She's in London to promote her latest film, the Oliver Stone-directed thriller Savages , in which she plays Elena, the formidable empress of a notorious Mexican drugs cartel.
Elena has a unique style. She sports the same gobstopper-sized diamond necklace and Cleopatra-style wig throughout the film. Hayek had strong ideas about how she wanted her to look, ideas which she says Stone initially resisted against before relenting and allowing her creative control over the character.
"I think that a lot of women that know they're going to be part of history somehow decide to have a character to be remembered by," she says. "They have a look, and I think that this woman felt that in order to survive in that world and command this army of savages, she had to create a character. She had to create a character, a memorable character." She cites Cleopatra and US Vogue editor-in-chief Anna Wintour as women who have done just that.
The diamond necklace - which she tells us is in fact a piece of Bottega Veneta costume jewellery - was a particularly important aspect of Elena's character and something Hayek took from "a very powerful" and "very feared" Mexican woman with whom she became friends whilst filming her Oscar-nominated role in Frida in 2002, although she won't name names.
"I would come see her in the morning and she would have a glass of Champagne and these diamonds that were this big [she cups her hands to demonstrate the size] on her fingers at 10/11 o'clock in the morning and I asked her: 'Why do you wear them?' And she said, 'because one must never forget - these remind me of who I am and what I've meant to the people that gave them to me. But it's also so that the other ones don't forget either.' So I thought this was something that Elena would do… in my head it was given by the husband, so it was like the crown, so that they'd never forget the [late] husband, or who she was and what she had accomplished."

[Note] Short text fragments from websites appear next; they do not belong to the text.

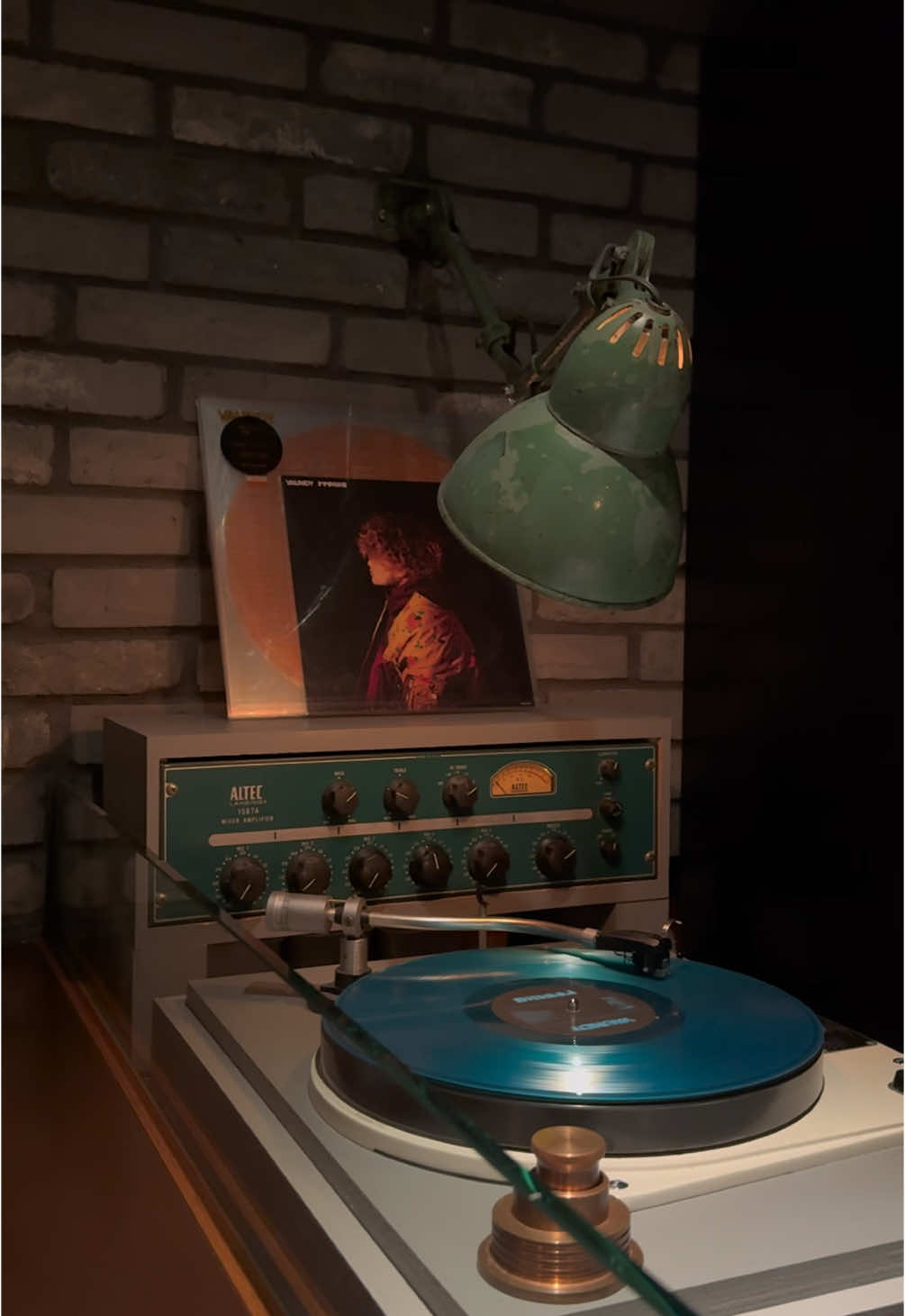 #踊り子 - replica #Vaundy Odoriko - replica Record Bar analog 〒150-0043  3rd Floor Realize Building, 2-20-9 Dogenzaka, Shibuya-ku, Tokyo Dig&Request Record Bar in Tokyo Reservations not accepted Fri・Sat・Sun 19:00〜3:00 Mon・Tue・Wed・Thu  20:00〜3:00 ・ ・ ・ ・ ・ #tokyo #shiuya #recordbaranalog  #recordbar #analog #vinylbar #musicbar  #vintageaudio  #vintage #audio #garrard #altec  #record #bar #vinyl #digandrequest #dig #request #ryuichisakamoto #haruomihosono  #yukihirotakahashi 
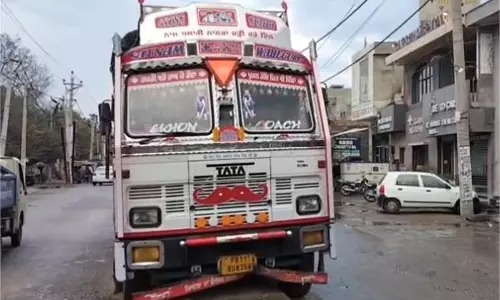 Haryana बाइक सवार को बचाने के चक्कर में डिवाइडर पर चढ़ा ट्रक, टला बड़ा हादसा Haryana बाइक सवार को बचाने के चक्कर में डिवाइडर पर चढ़ा ट्रक, टला बड़ा हादसा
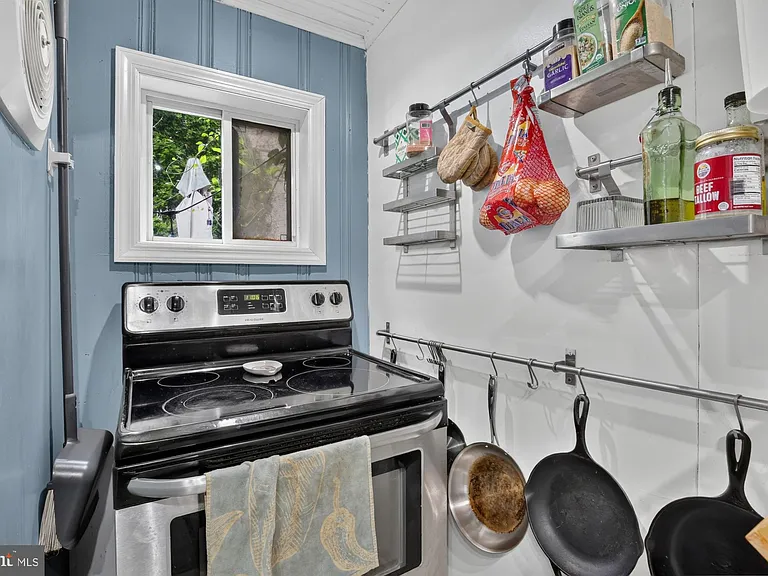 1123 E Eyre St — Photo 14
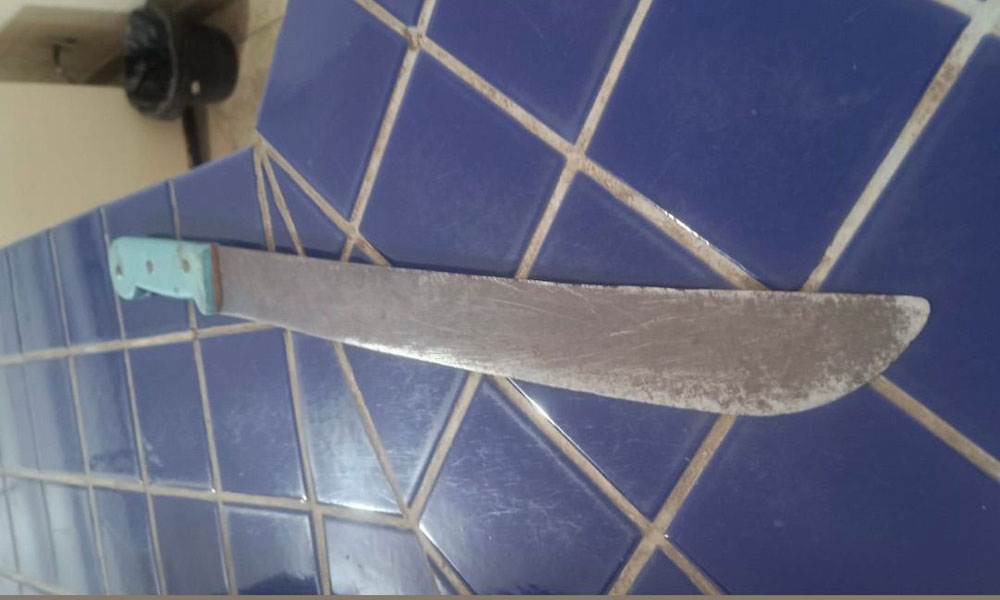 Homem é detido após ameaça com facão em ocorrência de violência doméstica em Brumado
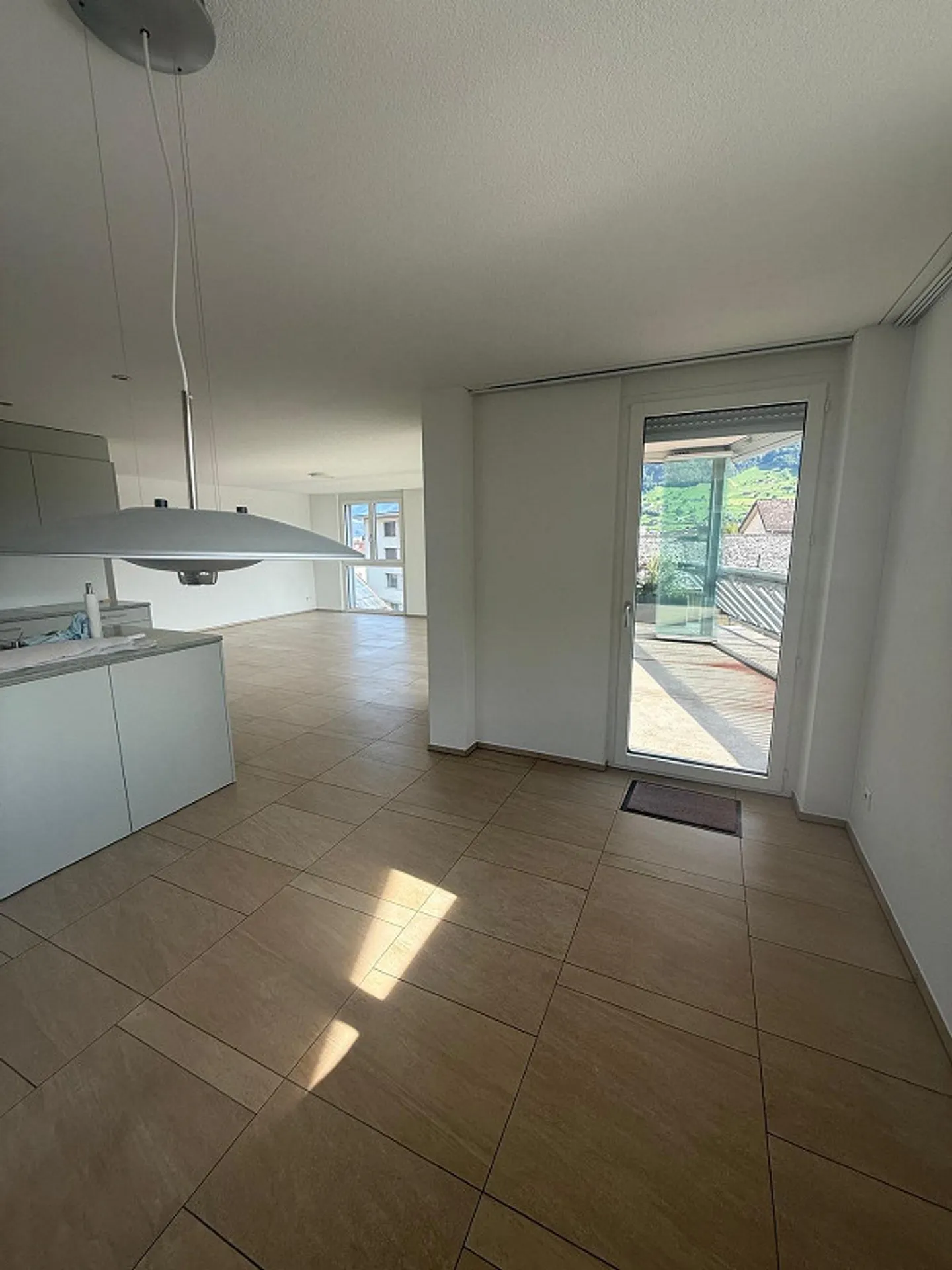 Luminoso appartamento di 5,5 stanze, balcone, vista montagna, garage, nel centro di Ennetbürgen - Foto 5 di 16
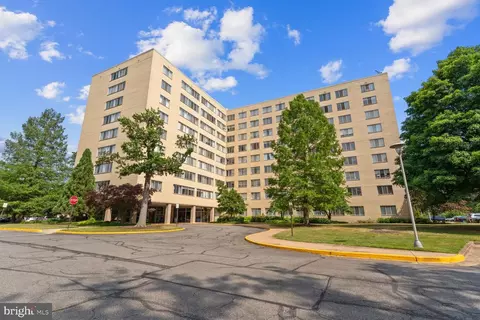 6641 Wakefield Dr #305, Alexandria, VA 22307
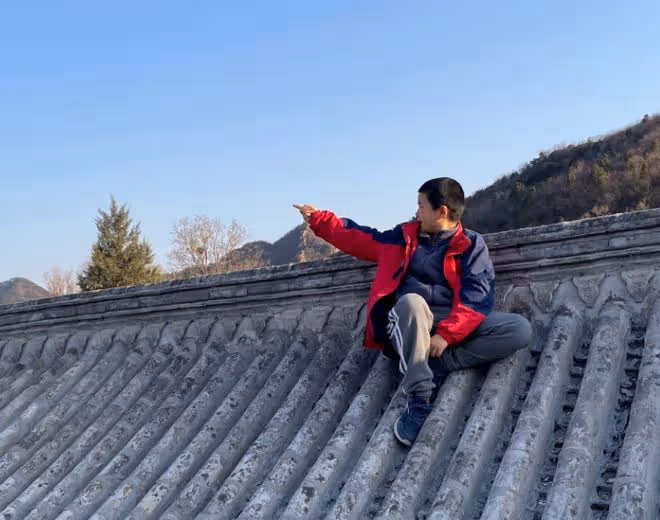 謝蘭一家三口出遊!60歲師小紅身材仍健碩,10歲兒子像極了爸爸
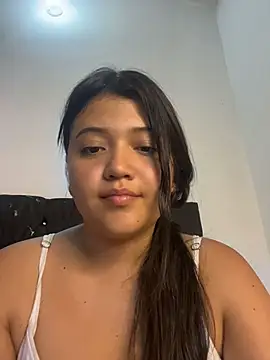 alisson carolina73 online show from 04/05/26, 11:57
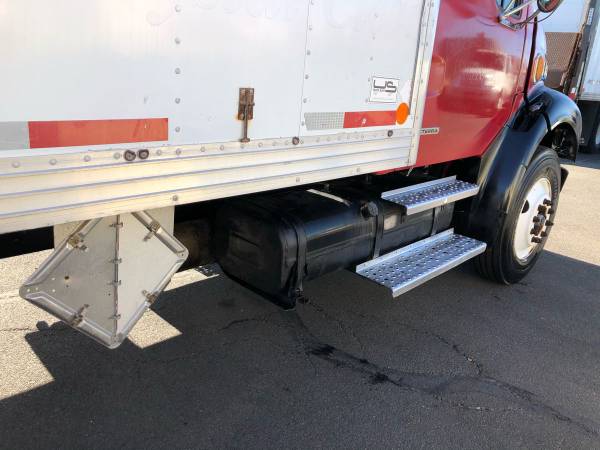 2001 Sterling Acterra 6spd 22ft box Liftgate for sale in Philadelphia, PA – photo 9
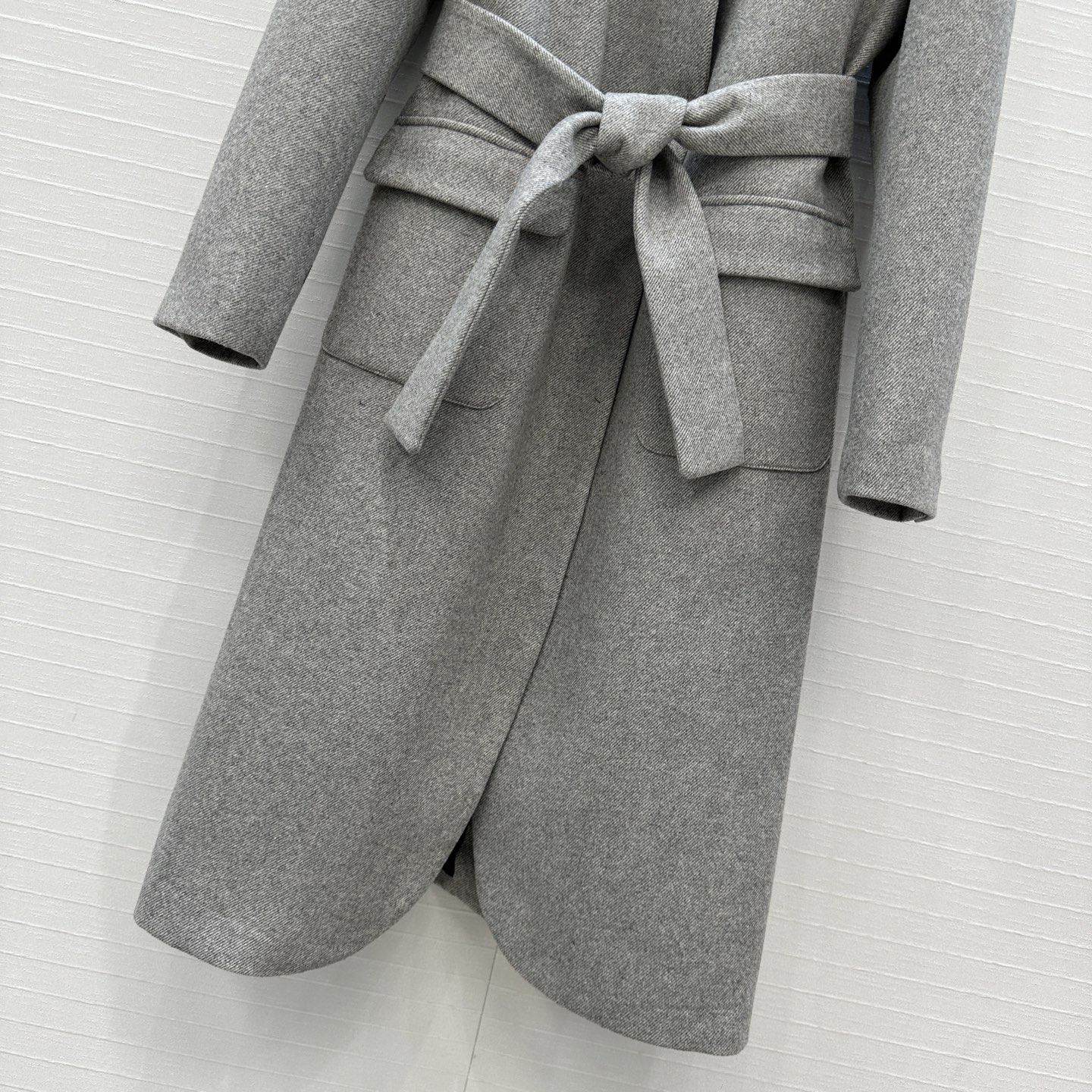 强烈推荐❤️Bc新品长期主义老钱风穿搭，复古斜纹羊毛西装大衣外套。经典系带H版型百搭不挑人。后领铜链装饰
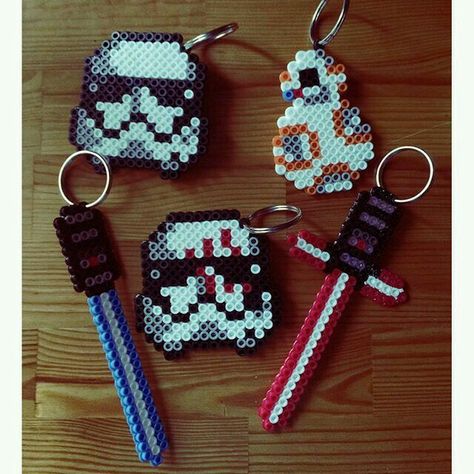 Keychains Starwars Pixelart, Beads Template, Bead Templates, Beaded Banners, Melty Bead Patterns, Star Wars Diy, Fusion Beads, Perler Bead Templates, Motifs Perler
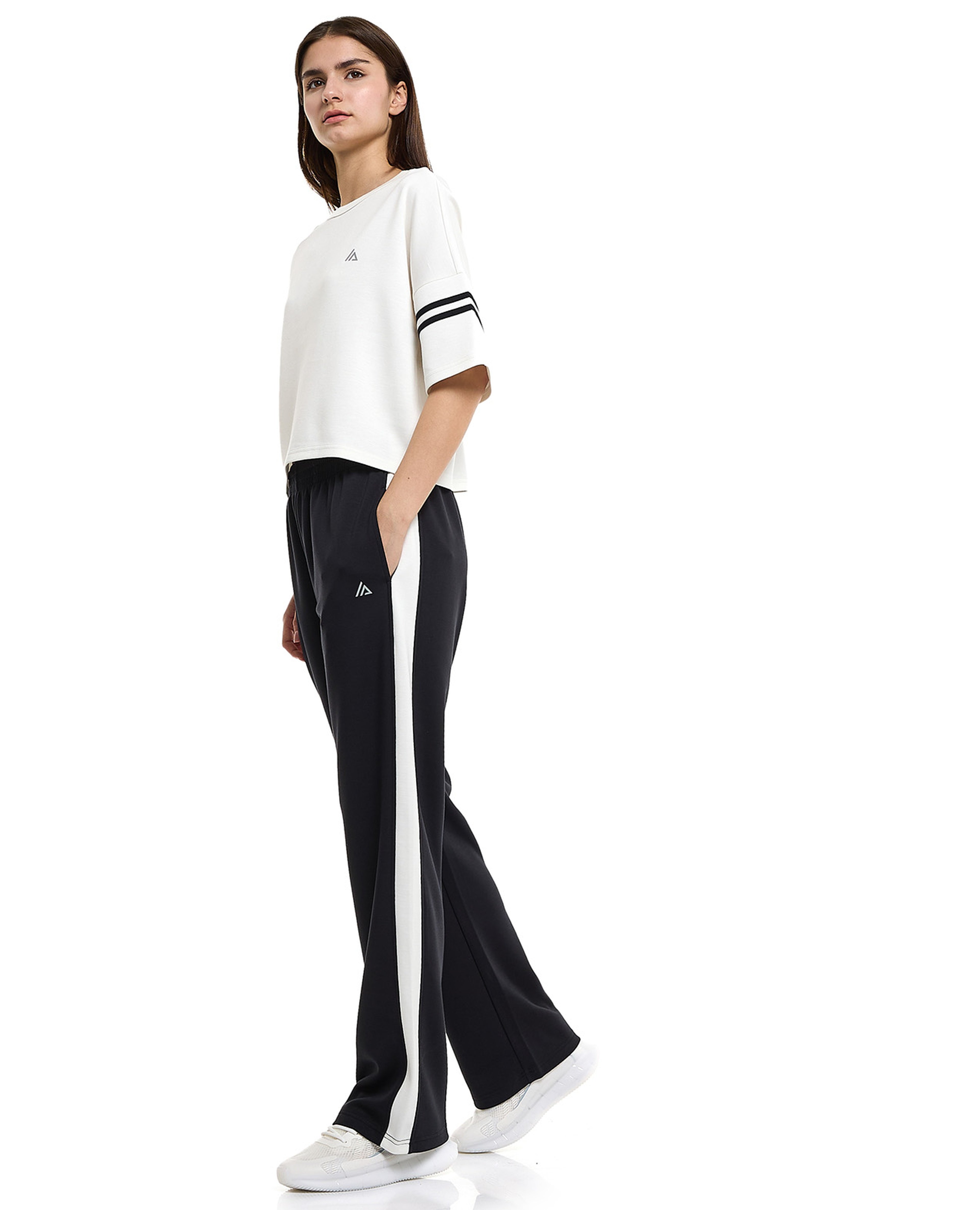 بنطال رياضي بخصر مرن وخطوط جانبية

Hayek's real-life husband is similarly powerful, and equally as capable of providing her with knockout jewels. In 2009, she married multi-billionaire François-Henri Pinault, the CEO of PPR, the company that owns the likes of Alexander McQueen, Gucci, Stella McCartney, Yves Saint Lauren and Bottega Veneta (yes, the brand from which she sourced Elena's necklace). Together they have a five-year-old daughter, Valentina, and Pinault also has two children from his first marriage as well as a son with supermodel Linda Evangelista - with whom he was involved in a high-profile court battle over maintenance payments earlier this year.
I ask what it's like to have access to clothes by some of the world's most talented designers, the stuff of many a girl's dreams.
"I am so, so lucky. I am the luckiest girl in the world, really," she says. "And still with access to everything I could possibly want I still say 'Oh dear, what am I going to wear today?! There's no ending to that question!"
She's also quick to point out that there are, surprisingly, no Gucci/McQueen/YSL freebies. "He [François-Henri] still pays for it, so I feel always like I can't just go and take anything I want, you know? I could, because he is really nice to me, but I always feel I cannot become that, some crazy woman that comes and takes half the store." Sarah Burton is her favoured designer - she calls her a "genius" who "shapes clothing for women like me".
Her fashion connections also mean she's had "a little peek" of Hedi Slimane 's debut womenswear collection for Yves Saint Laurent, or Saint Laurent as it is now called , which will be shown in Paris on October 1. "It's extraordinary!" she enthuses, throwing her head back as she does so. Well, it must be good then.